Firebase: when to call removeObserverWithHandle in swift

User5103156 picture User5103156 · Jul 17, 2015 · Viewed 10.3k times · Source

Documentation says you need to call observeEventType:withBlock to remove an observer if you no longer need it.

I've seen samples where it is called within ViewDidDisAppear. I also find some Obj-C code called this method within deinit, which is not ncessary in Swift.

In my simple app, however, I want data to be synced as long as I am in the app. If this is the case, do I have to call observeEventType:withBlock ever?

I checked the Chat-Swift sample code on Firebase website, and did not find observeEventType:withBlock.

Does it mean it's ok not to call observeEventType:withBlock:. if I want the observer to be on when the app is in use?

Thank you.

UPDATE

Thanks to Jay and David. I see it makes sense to observe in ViewWillAppear and remove it in ViewDidDisappear.

However, I am using observeEventType to monitor any value change to the node and would update UI if there is any.
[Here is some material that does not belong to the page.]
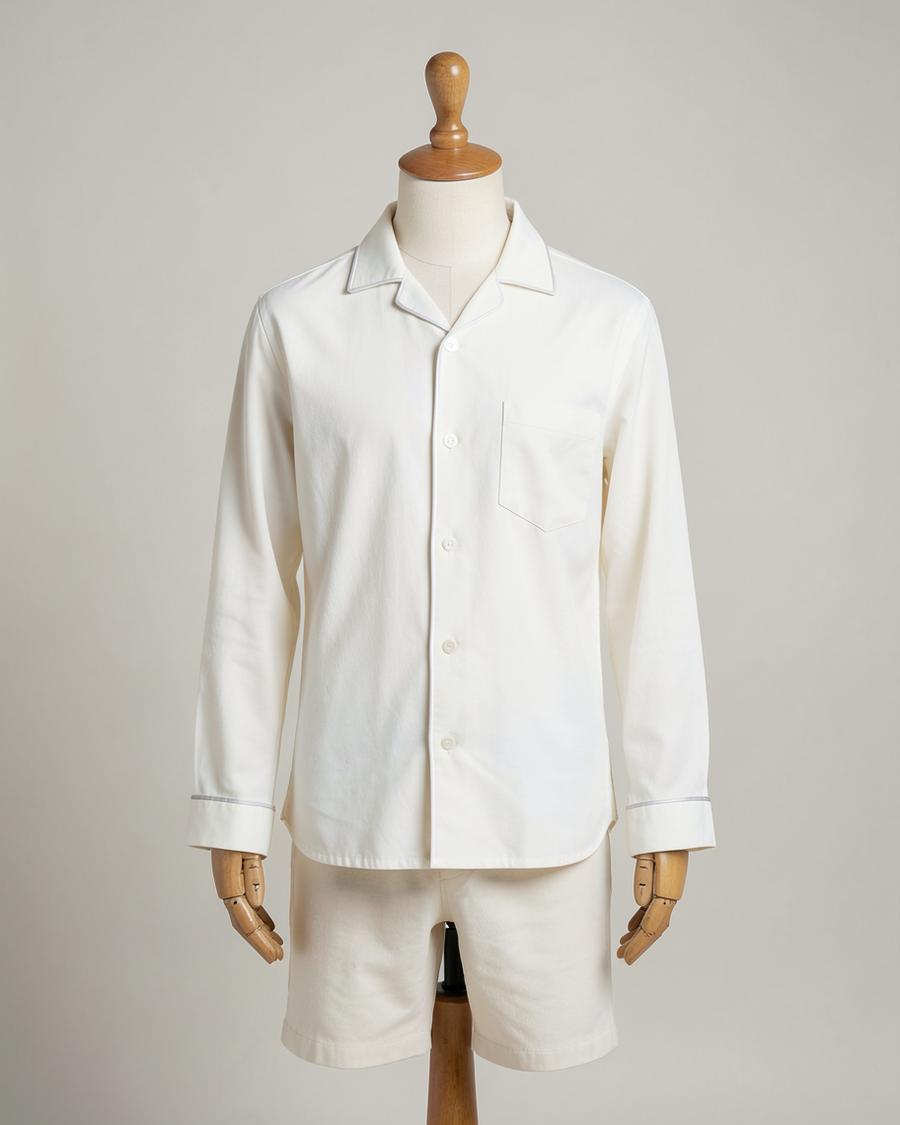 The Night Set — Giza cotton · piped night shirt & pyjama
If i put it in ViewWillAppear:

 override func viewWillAppear(animated: Bool) {
    super.viewWillAppear(animated)

    ref.observeEventType(.Value, withBlock: { snap in {
      // **update UI if there is any Value change** 
    })
  }

The problem with putting it in viewWillAppear is that, it gets called every time the view appears, regardless of Value change or not. Because of this, the snapshot is downloaded and my UI gets refreshed every time I return to the view. This becomes counterproductive.

I have also tried ChildAdded/ChildRemoved, however, it only returns the last node, not the path from my ref:

For instance, if I add to ref/child1/child2/child3/value, ChildAdded would only return child3/value.
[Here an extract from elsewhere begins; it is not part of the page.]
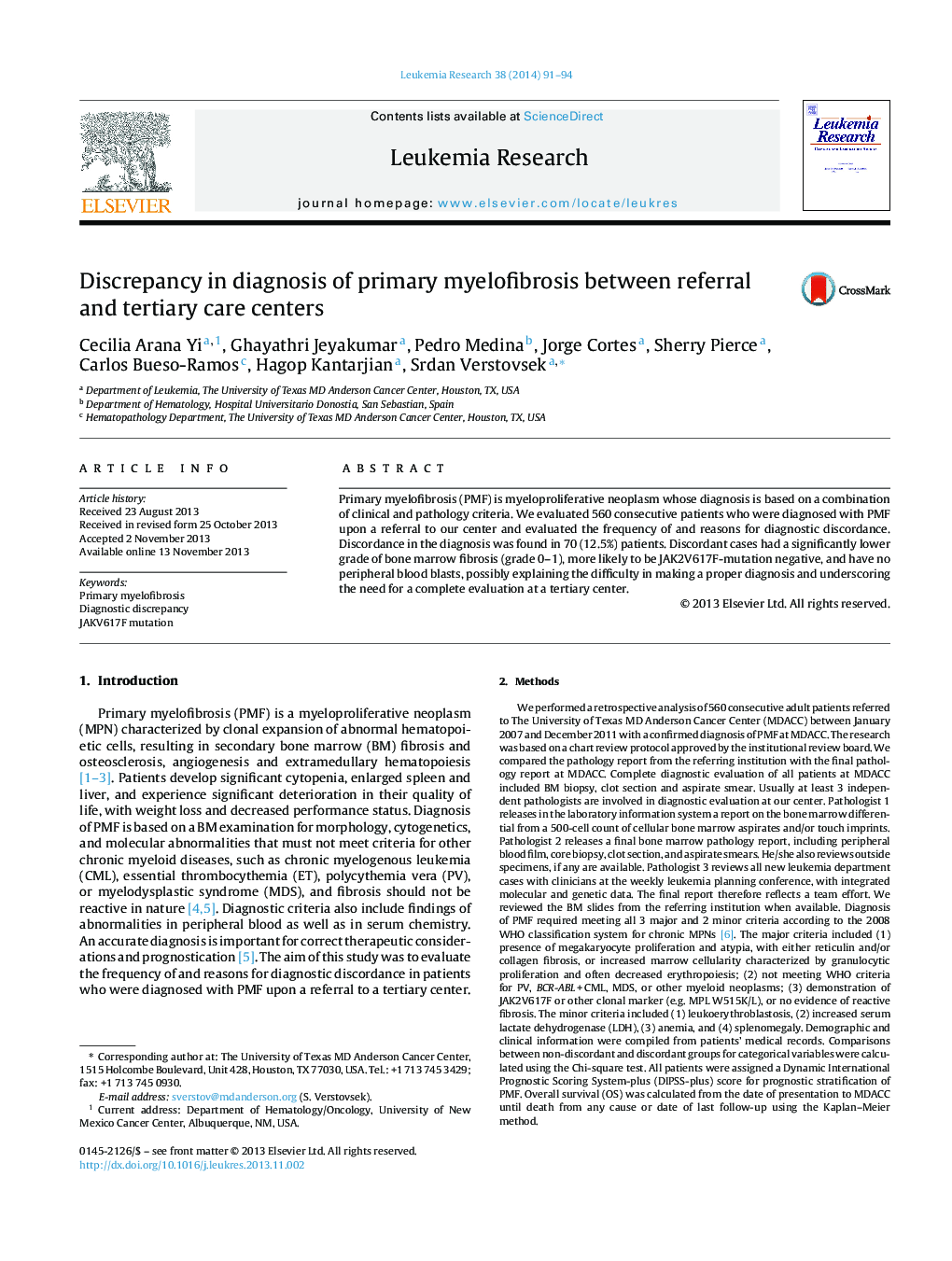 Discrepancy in diagnosis of primary myelofibrosis between referral and tertiary care centers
So if I have to observe Value, it seems like putting it in ViewDidLoad is better? In this way, it gets the snapshot one time when the view loaded, and would repeat whenever there is a change, but would not obtain the snapshot just because the view appears.

Answer

David East picture David East · Jul 17, 2015

To build upon @Jay's excellent answer:

In a UIViewController, create a reference as a property. Initialize a reference in viewDidLoad. Observe events in viewWillAppear. Remove observers in viewDidDisappear.
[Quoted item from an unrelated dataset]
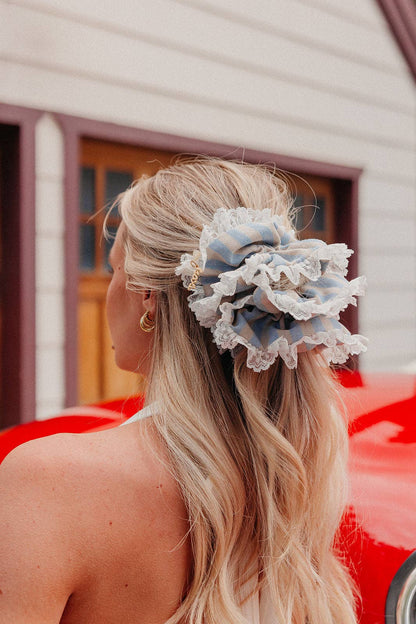 BABY BLUE DENIM LACE CORSET SCRUNCHIE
class MyViewController: UIViewController {

  var ref: Firebase!

  // Called only on load, great place to initialize
  override func viewDidLoad() {
    super.viewDidLoad()
    ref = Firebase(url: "https://<YOUR-FIREBASE-APP>.firebaseio.com/updates")
  }

  // Can be called many times to go on screen
  // Syncing should only occur when on view to conserve memory
  override func viewWillAppear(animated: Bool) {
    super.viewWillAppear(animated)

    ref.observeEventType(.Value, withBlock: { snap in {
      // do something with the data 
    })
  }

  // Can be called many times to off screen
  // Remove observers on the ref to conserve memory
  override func viewDidDisappear(animated: Bool) {
    super.viewDidDisappear(animated)
    ref.removeAllObservers() 
  }

}

Per your edit:

The problem with putting it in viewWillAppear is that, it gets called every time the view appears, regardless of Value change or not. Because of this, the snapshot is downloaded and my UI gets refreshed every time I return to the view. This becomes counterproductive.

Firebase is built for speed. These are the kind of things that you leave up to the client because it has several features that handle these situations.

The Firebase client has built-in caching. Unless you're downloading a megabyte of data in viewDidAppear the update is nominal. When the observer fires on viewDidAppear it doesn't necessarily mean it's downloading the data again. The viewDidAppear function is where your observers belong.

FYI, I am a Firebase employee who works on iOS.